You need more P and K. But by the sound of it your not even giving enough N either.


What type of soil?   Did you adment?

What ppm of feedings?

We need as much info as you can give and pics would help greatly!


 Even little info as - did you add anything for drainage?   Do the leaves have any browning?  Do your containers have drainage holes?

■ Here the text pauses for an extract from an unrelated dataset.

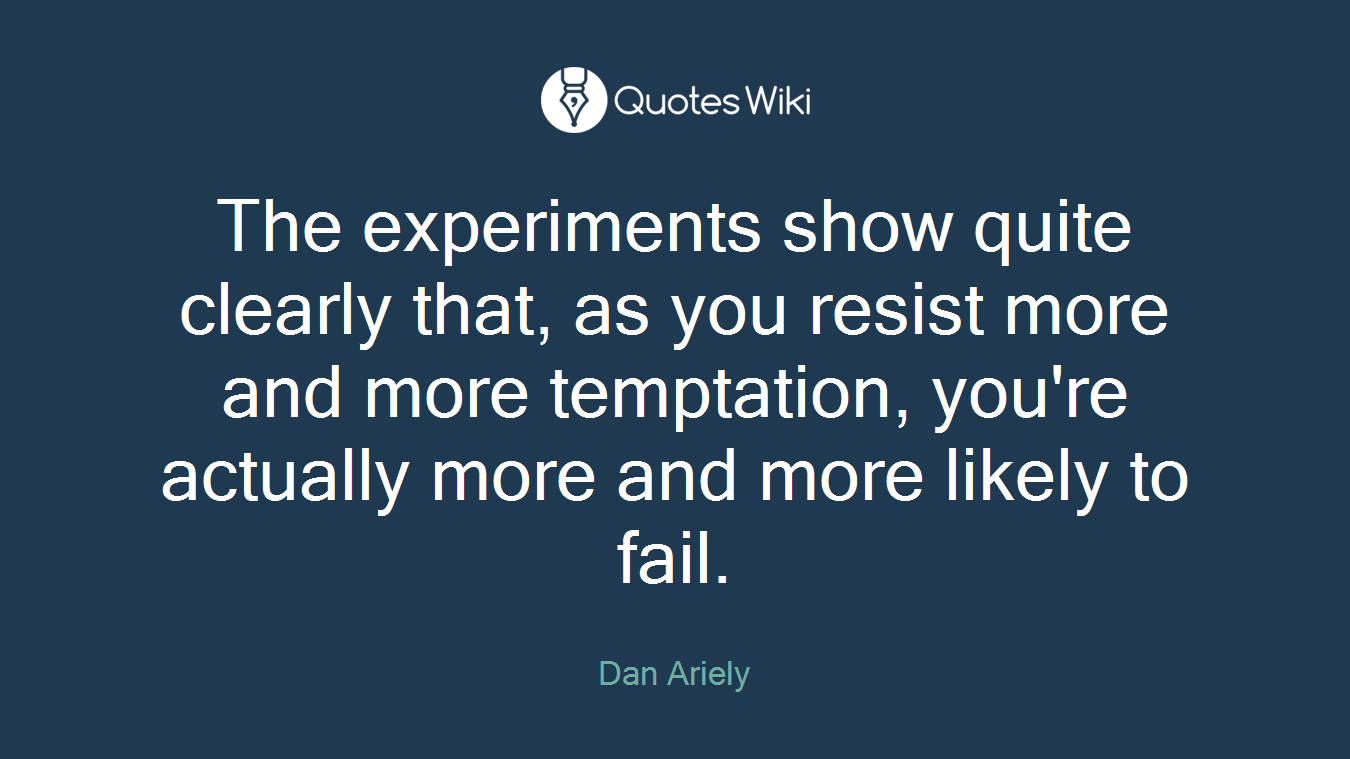 The experiments show quite clearly that, as you resist more and more temptation, you're actually more and more likely to fail.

You would be suprised how many ppl kill plants from simple ****.


----------



## stickyickie (Aug 12, 2015)

i started feeding them big bloom and grow big 6 tsp per gallon untill about 4 weeks ago when i noticed they were starting to flower then i gave them grow big and tiger bloom 6 tsp per gallon. my soil is real basic nothing special (not mg) with some perlite for drainage. i think i put to much perlit though it drains real quick. i check my water and the ph is fine. the leaves are yellow at first then start to turn brown as they die. the container has drainage holes. could they be root bound from to small of container.the first pic is one of the good plants. the 2nd pic is the sick plants 3rd pic is the stem starting to turn purple and the last pic is the one that dint make it as you can see its real purple the hole thing.  if i mist any thing please let me know thanks 

View attachment IMG_1993.JPG


View attachment IMG_1994.JPG


View attachment IMG_1995.JPG


View attachment IMG_1996.JPG


View attachment IMG_1997.JPG


----------



## zem (Aug 13, 2015)

imo that's an accumulation of mistakes that is causing this. i would say the medium and the feeding schedule are not suitable at all, i have noticed that perlite alone tends to dry us and cause a lot of salt buildup, maybe too much of it with not enough water too much heat, caused the major problem, but that is only speculations and guessing. i think it is only up to you to do the final analysis of what caused this, pull the best of it that you can and try to do it better next run. right now, putting myself in your position, i would flush for a day, then feed full strength, keep the medium moist enough by watering slowly to only make a little runoff, i would do that every evening if it is hot and i am suspecting them to be drying out. if necessary, i would even cover the pots with something white to decrease evaporation and heat... but after all, that's only what I would do  hope it helps


----------



## Rosebud (Aug 13, 2015)

If I was you and could I would take those plants out and repot them in FFOF.


----------



## stickyickie (Aug 13, 2015)

sorry but i dont have 100s of $ for FFOF so i need to find some thing cheaper.I mostly give them plain water dont feed them much so why do i need to flush them? I do have to much perlite that i know. it only takes a half a gallon of water and about 5 seconds for it to drain through and thats in the middle not the sides. so i know that aint good. it is very hot here during the day around mid 90s. why are 2 plants doing good doing every thing the same for all the plants.  i need to make changes that i know   well theres allways next year LIVE AND LEARN   at least it aint a totel loss                         thanks every one


----------



## yarddog (Aug 13, 2015)

Fox farm is like $18 a bag.


----------



## stickyickie (Aug 14, 2015)

it might be 18$ below the gnat line but not where im from. i found it for 38$ a bag x 5 not including shipping. i guess im not into it like some people.


----------



## Hushpuppy (Aug 21, 2015)

I see a couple things that may or may not be the problem. Its most likely a combination of problems. The first thing that comes to mind is that you have them outside where they can get rained on. When they get rained on, a few things can happen. They can get too wet for too long(probably not an issue here given the good drainage). They get all of the nutrients in the soil flushed out and leave the plant with little to eat(I can see this in the lower leaves yellowing off as the plant is eating itself). And the big one: the pH gets thrown way off by the pH of the rain water flushing the soil. I believe the purpling is likely a sign of the pH being far enough off that it is starving the plant of many of the nutrients that it needs.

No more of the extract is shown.